Lo anterior confirmó que la eficacia de las sanciones unilaterales presenta una “curva de rendimientos decrecientes”, cuyo éxito final oscilan entre un tercio y menos de una cuarta parte. Aunque son medidas coercitivas alternativa al uso de la fuerza, parecen más eficaces si son complementadas por procesos de negociación comprometida, cuestión que se puede dudar en el caso del gobierno de Maduro con cinco iniciativas de gestión multilateral del conflicto con facilitación externa, que tampoco dieron resultado. En cualquier caso, una extensión temporal indefinida de las sanciones abre la puerta a efectos contrarios a los esperados.
La diferencia más palpable del emparejamiento Asad-Maduro es que mientras una experiencia fue derribada, la otra subsiste.
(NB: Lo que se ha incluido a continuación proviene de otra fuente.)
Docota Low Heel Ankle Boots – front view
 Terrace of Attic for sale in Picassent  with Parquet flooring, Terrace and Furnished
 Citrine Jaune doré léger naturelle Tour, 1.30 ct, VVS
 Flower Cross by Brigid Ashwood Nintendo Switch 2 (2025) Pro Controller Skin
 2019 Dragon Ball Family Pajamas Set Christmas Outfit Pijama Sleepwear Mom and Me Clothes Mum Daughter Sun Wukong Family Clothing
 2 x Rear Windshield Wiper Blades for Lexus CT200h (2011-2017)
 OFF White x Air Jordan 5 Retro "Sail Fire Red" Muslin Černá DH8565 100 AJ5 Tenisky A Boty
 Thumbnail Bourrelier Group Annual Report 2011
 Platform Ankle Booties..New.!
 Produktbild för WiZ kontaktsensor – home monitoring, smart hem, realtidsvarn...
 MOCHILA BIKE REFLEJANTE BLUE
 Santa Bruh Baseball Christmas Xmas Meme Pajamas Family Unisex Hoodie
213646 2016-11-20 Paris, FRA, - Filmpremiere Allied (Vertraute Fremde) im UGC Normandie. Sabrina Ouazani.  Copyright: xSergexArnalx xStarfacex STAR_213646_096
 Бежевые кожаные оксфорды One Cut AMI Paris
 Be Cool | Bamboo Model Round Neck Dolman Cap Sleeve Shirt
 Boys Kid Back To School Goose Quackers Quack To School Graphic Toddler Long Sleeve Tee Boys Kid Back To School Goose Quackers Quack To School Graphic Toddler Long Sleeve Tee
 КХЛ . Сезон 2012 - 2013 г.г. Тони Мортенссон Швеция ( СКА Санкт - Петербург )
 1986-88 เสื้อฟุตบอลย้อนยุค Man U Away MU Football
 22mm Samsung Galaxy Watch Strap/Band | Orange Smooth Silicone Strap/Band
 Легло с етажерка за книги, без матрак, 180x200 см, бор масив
En el primer caso, el régimen de los Asad resistió a las movilizaciones de la “primavera árabe” desde el 15 de marzo 2011, así como la denuncia y presión de las dos principales plataformas opositoras en el exterior (el Consejo Nacional Sirio y la Coalición Nacional de las Fuerzas de la Revolución y la Oposición Siria), la lucha inter-sectaria asistida por valedores regionales (Arabia Saudí, Irán, Qatar, Emiratos Árabes Unidos y Turquía), las referidas sanciones unilaterales implementadas por Occidente, y la intervención de dos coaliciones internacionales contra el Estado Islámico: una respaldando a los opositores árabes sunníes y kurdos a Damasco, desde septiembre de 2014 (liderada por Estados Unidos con Reino Unido, Francia, Jordania, Turquía, Canadá, Australia entre otros) y otra, liderada por Rusia, protegiendo a Bashar al-Ásad, a partir de septiembre de 2015.
Nada derribó a Bashar al-Ásad, sino la corrosión interna, sumada a la acción decisiva de un grupo parapetado en Idlib, que, con el respaldo de Turquía y Qatar, aprovechó los efectos combinados de una Rusia atendiendo su prolongada guerra con Ucrania y un Teherán enfrascado en su pugna con Israel, para reemplazar a un régimen putrefacto.
Aún así, este último diciembre demostró que, aunque el nuevo líder sirio Ahmed al Shara prometió concluir 13 años de lucha inter-sectaria mediante una transición signada por la moderación inclusiva de distintas facciones étnico-religiosas, ISIS aún sigue golpeando por medio de células subrepticias en Palmira o Homs.
La estabilización siria plena parece todavía distante, aunque algo menos que en otros territorios vecinos, víctimas de la invasión externa. Con ello solo se agitó el avispero, comprometiendo gravemente la gobernabilidad futura de todo proyecto nacional. En definitiva, confirma que lejos de remecer la copa del árbol, la fruta no cae, sino cuando está madura.